Enfin, quel crédit faut-il accorder à un homme qui tend la carotte du dialogue de sa main gauche alors qu’il prépare sa main droite à frapper la population qu’il a déjà réprimée dans le sang en janvier 2015, en formant 5 000 nouveaux jeunes pour la GR, surnommés les « Abeilles et les Fourmis » par les experts égyptiens et israéliens et en recyclant 3 000 autres militaires vers la GR ?

Si réellement Joseph Kabila avait l’intention de quitter le pouvoir pacifiquement et d’assurer les élections apaisées en RDC, il n’aurait pas recruté ces « tueurs », ni instauré le désordre politico-administratif actuel par le découpage précipité des provinces, la nomination politico-clientéliste des commissaires spéciaux ainsi que le blocage de la CENI… ?

En livrant toutes ces informations que nous demandons à quiconque de contrevérifier et au mieux de démentir si réellement elles sont fausses, notre but est d’attirer l’attention de ceux qui vont au dialogue avec Kabila sur sa double personnalité psychologique bipolaire. Mieux encore, dans leurs prérogatives constitutionnelles du contrôle de l’action du Gouvernement et des services publics dont l’armée[40] en charge de la politique de défense, les parlementaires (de l’opposition) peuvent aller vérifier les sites militaires renseignés par DESC. Même dans le cadre du contrôle de l’achat des armes par la RDC prévu par la Résolution 1807/2008 du Conseil de sécurité de l’ONU du 31 décembre 2008, la MONUSCO peut également faire de même car certaines armes stockées aux lieux mentionnés ont échappé à la procédure de vérification ad hoc[41]. Par ailleurs, les politiciens qui seraient tentés d’aller dans une sorte de gouvernement d’union national avec Kabila doivent se rendre compte que ceux qui l’ont fait précédemment avec lui, ont tous été broyés par la suite : Jean-Pierre Bemba, Nzanga Mobutu, Gizenga et son PALU, Olenghankoy, Mbusa Nyamwisi, etc.

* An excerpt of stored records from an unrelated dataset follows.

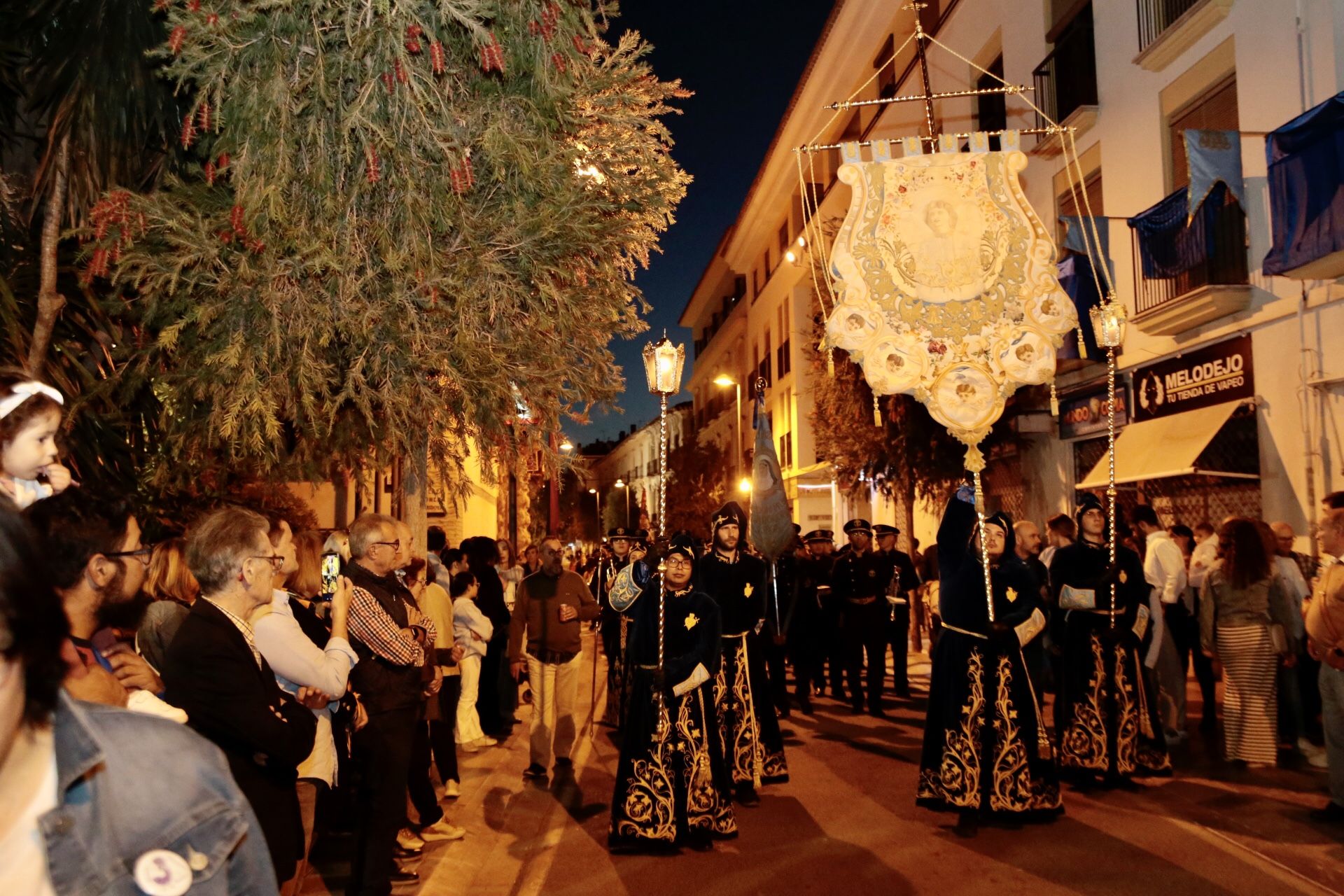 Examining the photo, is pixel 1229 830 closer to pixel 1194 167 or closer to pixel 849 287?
pixel 849 287

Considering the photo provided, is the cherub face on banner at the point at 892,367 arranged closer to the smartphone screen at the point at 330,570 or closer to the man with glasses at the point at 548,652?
the man with glasses at the point at 548,652

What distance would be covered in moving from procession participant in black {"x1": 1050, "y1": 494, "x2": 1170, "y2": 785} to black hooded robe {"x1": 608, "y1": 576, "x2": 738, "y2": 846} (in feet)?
9.85

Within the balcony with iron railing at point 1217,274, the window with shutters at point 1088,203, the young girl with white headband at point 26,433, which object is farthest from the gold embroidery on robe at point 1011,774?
the window with shutters at point 1088,203

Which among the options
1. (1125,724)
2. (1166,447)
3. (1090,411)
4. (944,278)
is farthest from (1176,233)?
(1125,724)

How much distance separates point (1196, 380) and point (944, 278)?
24.2 feet

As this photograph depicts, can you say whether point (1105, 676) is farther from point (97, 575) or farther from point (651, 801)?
point (97, 575)

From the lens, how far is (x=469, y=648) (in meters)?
9.63

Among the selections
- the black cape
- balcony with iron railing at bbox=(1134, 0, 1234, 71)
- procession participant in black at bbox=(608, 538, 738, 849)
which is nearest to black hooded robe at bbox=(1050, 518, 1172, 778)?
the black cape

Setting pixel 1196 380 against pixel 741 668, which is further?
pixel 1196 380

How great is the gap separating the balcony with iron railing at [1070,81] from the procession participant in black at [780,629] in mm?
9349

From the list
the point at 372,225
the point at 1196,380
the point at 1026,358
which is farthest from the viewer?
the point at 1196,380

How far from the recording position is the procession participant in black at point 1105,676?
8.04 meters

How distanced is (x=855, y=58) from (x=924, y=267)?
2169cm

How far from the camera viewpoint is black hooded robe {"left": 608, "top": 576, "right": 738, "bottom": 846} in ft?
21.5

Nous laissons à chacun le libre examen de faire son propre constat sur les intentions réelles de Kabila dans son offre de dialogue. Toutefois, nous vous donnons rendez-vous à 2016 lorsqu’il y aura vraisemblablement des pleurs et des grincements des dents comme en 2011. A ce moment, il nous faudra encore aller nous « endormir comme des bébés » en attendant un nouvel impérium pendant que Kabila, à l’instar de Mugabe, s’installera confortablement à vie au pouvoir !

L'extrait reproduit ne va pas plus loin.